Hillary Clinton Turned Donald Trump's Greatest Strength Into a Weakness

July 29th 2016

On Thursday evening, Hillary Clinton took the stage to accept the Democratic nomination for president and give her much-anticipated closing speech to the Democratic National Convention.

Clinton covered a lot of ground — she addressed her policy record and plans for the future, gave an enthused shout-out to science, and even acknowledged what is perhaps her largest political weakness, saying, "The truth is, through all these years of public service, the service part has always come easier to me than the public part."

But as is often the case of political candidate's speeches, the most memorable part of Clinton's speech may have come when the speech transitioned into an attack on her opponent.

When it came to Donald Trump, Clinton went for the jugular — his Twitter feed.

"A man you can bait with a tweet is not a man we can trust with nuclear weapons," Clinton said. The remark was deemed the "most-tweeted moment" of the evening by Twitter's Government & Elections team.
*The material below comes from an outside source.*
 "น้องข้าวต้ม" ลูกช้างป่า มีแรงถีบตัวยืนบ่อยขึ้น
Trump's tweets — however unhinged, offensive, or void of facts — have garnered him massive attention throughout his primary run.
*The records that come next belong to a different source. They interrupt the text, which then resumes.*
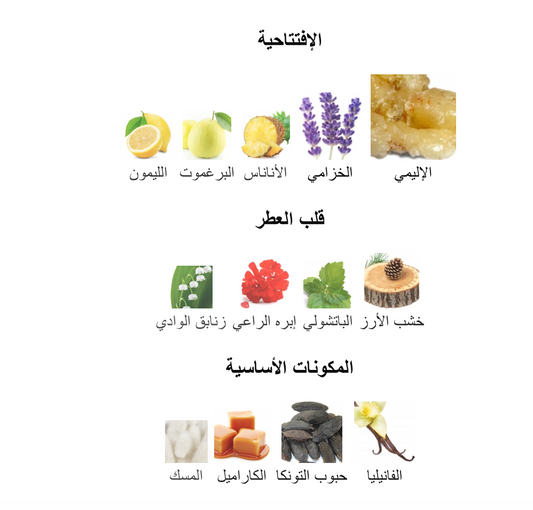 🦁 HUNTER – عطر الرجولة والقوة!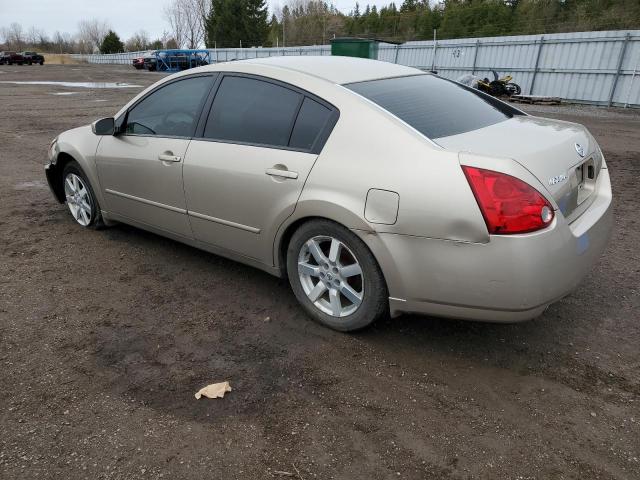 1N4BA41E64C924122 - 2004 NISSAN MAXIMA SE BEIGE photo 2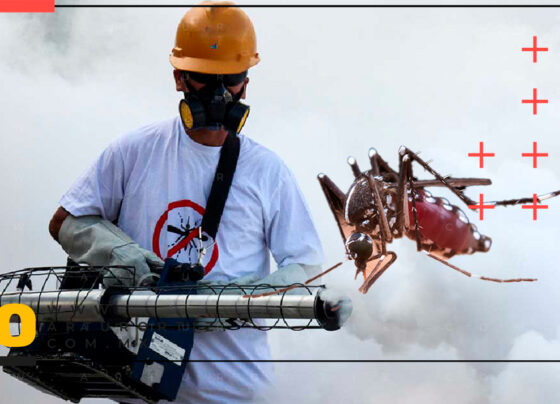 Mosco del dengue crea resistencia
And in terms of campaigning, that attention — which often comes in response to Trump's knee-jerk reactions or semi-coherent vitriol — has served him well. His ceaseless barrage of tweets at all hours of the night often manages to claim the news cycle when he is saying very little. But as Clinton pointed out, knee-jerk reactions are no way to govern. 

Clinton's Twitter feed, by comparison, is very boring. Most of it involves sharing seemingly sensible quotes from her speeches and those of her advocates. It is no fun. And that's a good thing.

Clinton's measured policy explanations do not ignite the kind of outrage that Trump's do when he speculates about a reporter's menstrual cycle or requests intelligence from the Russian government.

By pointing this out, Clinton turned the tables on how Twitter has served as a voice for their respective campaigns — lest we forget the Clinton camp's unfortunate attempts to spice things up on social media: abuela-gate, the Kwanzaa backlash, and that tone-deaf Rosa Parks variation on her logo.

Clinton used this jab to send a much larger message about Trump's temperament, judgment, and capabilities — hammering in the point that what makes Trump entertaining would also make him legitimately dangerous.